Chose the right legal entity.

The corporate structure you chose determines your company’s taxation, allocation of profits and losses, record-keeping requirements, and general structure. When incorporating your company you have several options. The most common include an LLC, S Corporation and C Corporation and your choice should depend on your goals and objectives. While your entity can be changed down the road, you can avoid this by working in close consultation with your lawyer and accountant from the get go. If you plan on seeking investment soon after starting your business, establishing a C Corporation at the outset may be the best option.

Put a founder’s agreement in place to guide internal affairs.

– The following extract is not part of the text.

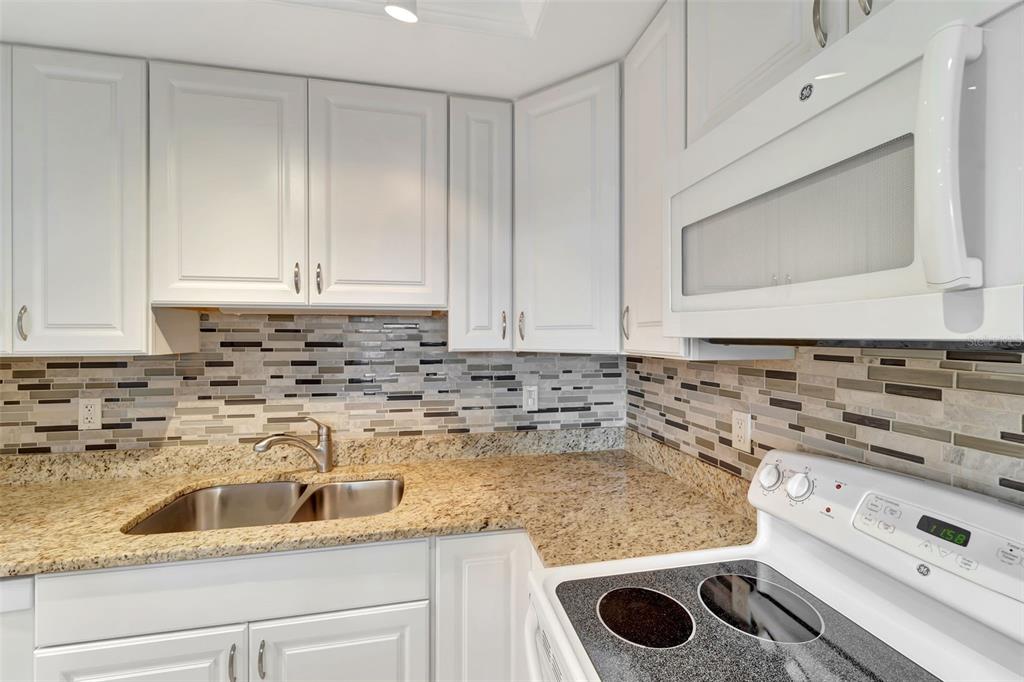 5855 Midnight Pass Road, Unit 314 Sarasota, FL 34242 - Photo 21 of 58 a kitchen with granite countertop white cabinets and white appliances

If you’re starting your company with another person or group of people, a founder’s agreement is absolutely essential. A founder’s agreement creates the framework of your partnership and governs the internal affairs of your company’s operations. Your agreement should outline the duties of the founders, key decision-making processes, as well as how disputes and unforeseen circumstances will be handled; however, before you go forward with these have an attorney from a law firm such as Legalzoom review the document before signing the agreement to ensure that everything is in order.

There are bound to be bumps in the road as your business grows, so it’s best to have a comprehensive document in place from the beginning that will govern how decisions will be made.

Have a good non-disclosure agreement.

Non-disclosure agreements (“NDA”) are critical to establish in any business relationship where confidential information may be shared. People who have access to your company’s confidential information must have defined standards about how they can use and access this information. Ensure the obligations of confidentiality extend beyond the term of the NDA, as this information is essential to the integrity of your business.

Protect your company’s “IP”.

The core of your business is your intellectual property or “IP.” As such, you must legally protect your property by filing the proper trademark, copyright or patent applications. This ensures that you have recourse to protect it, if infringement occurs. But not only should you be keeping these traditional protections in place; you need to ensure that you are contractually maintaining ownership rights over any intellectual property being created for your company by any outside contractors. These protections help you maintain the core of your business.

Make sure your documents are in order.

Anyone looking to invest in your company will conduct extensive due diligence. This will include looking over your company’s books and reviewing your corporate documents, agreements and contracts. They will want to know you have appropriate licenses, permits and reports, and that you are adhering to all existing contracts with employees and service providers. This will show potential investors that you are professional and free of potential legal obstacles.

Having your legal house in order ensures that your company is ready to take advantage of investment, to grow, and to handle the challenges that will arise. Think ahead and imagine where you want your company to be, and then make sure that you’re prepared to get there.

DISCLAIMER The content in this article is for informational purposes only and does not constitute legal advice. Readers should contact a qualified attorney to obtain advice with respect to any particular issue or problem.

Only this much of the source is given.